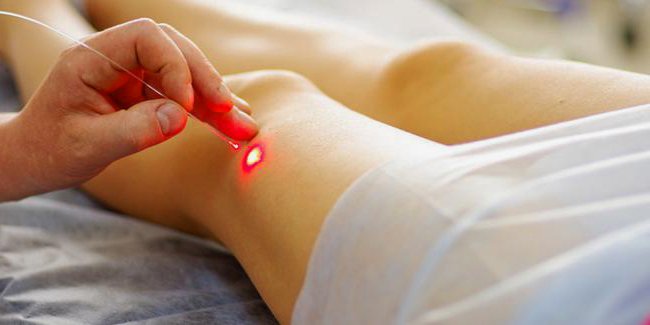 Varis Nedir? Nasıl Tedavi Edilir? 3 varis lazer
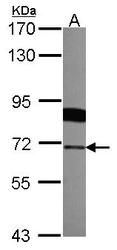 NBP1-31553 - Radixin / RDX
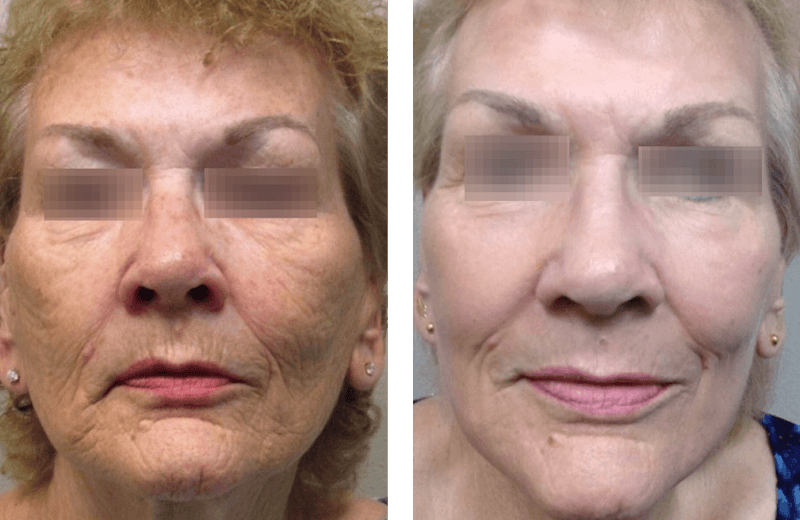 Renuvion Resurfacing Before & After Gallery - Patient 375047 - Image 1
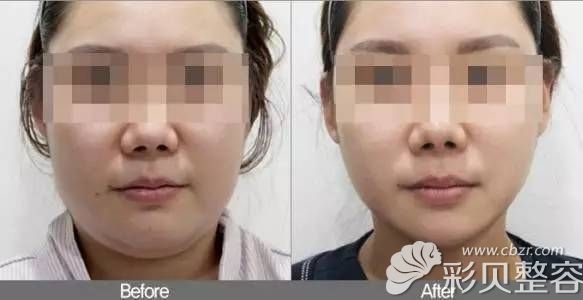 陈主任线雕提升改善双下巴的手术案例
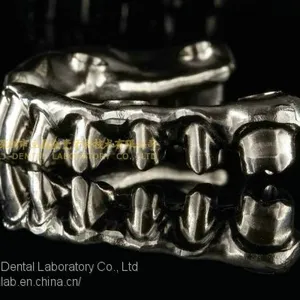 Full-arch Implant Bridge Prosthesis, Implant Denture Framework, Implant Prosthesis, Laboratoire Dentaire, Dentallabor, Laboratorio Dental, Dental Laboratory, Shenzhen LJ Dental Lab China thumbnail-2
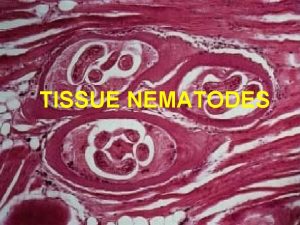 TISSUE NEMATODES COMMON TISSUE NEMATODE INFECTIONS Trichinella spiralis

EXERCISE. Skip the pictures; extract only the lines from the line with "Full-arch Implant Bridge" through the final line of the material, exactly as they appear.

ANSWER TO THE EXERCISE.
 Full-arch Implant Bridge Prosthesis, Implant Denture Framework, Implant Prosthesis, Laboratoire Dentaire, Dentallabor, Laboratorio Dental, Dental Laboratory, Shenzhen LJ Dental Lab China thumbnail-2
 TISSUE NEMATODES COMMON TISSUE NEMATODE INFECTIONS Trichinella spiralis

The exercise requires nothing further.